Stored data>

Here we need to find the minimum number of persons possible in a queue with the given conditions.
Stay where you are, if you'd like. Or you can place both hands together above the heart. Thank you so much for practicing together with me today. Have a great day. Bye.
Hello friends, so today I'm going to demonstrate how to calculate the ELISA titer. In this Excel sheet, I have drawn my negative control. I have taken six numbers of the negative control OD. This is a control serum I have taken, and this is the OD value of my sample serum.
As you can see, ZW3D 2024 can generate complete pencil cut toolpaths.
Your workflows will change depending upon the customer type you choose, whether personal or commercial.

Activity>
An exact reproduction of all the entries above is required.

Exercise answer>
Here we need to find the minimum number of persons possible in a queue with the given conditions.
Stay where you are, if you'd like. Or you can place both hands together above the heart. Thank you so much for practicing together with me today. Have a great day. Bye.
Hello friends, so today I'm going to demonstrate how to calculate the ELISA titer. In this Excel sheet, I have drawn my negative control. I have taken six numbers of the negative control OD. This is a control serum I have taken, and this is the OD value of my sample serum.
As you can see, ZW3D 2024 can generate complete pencil cut toolpaths.
Your workflows will change depending upon the customer type you choose, whether personal or commercial.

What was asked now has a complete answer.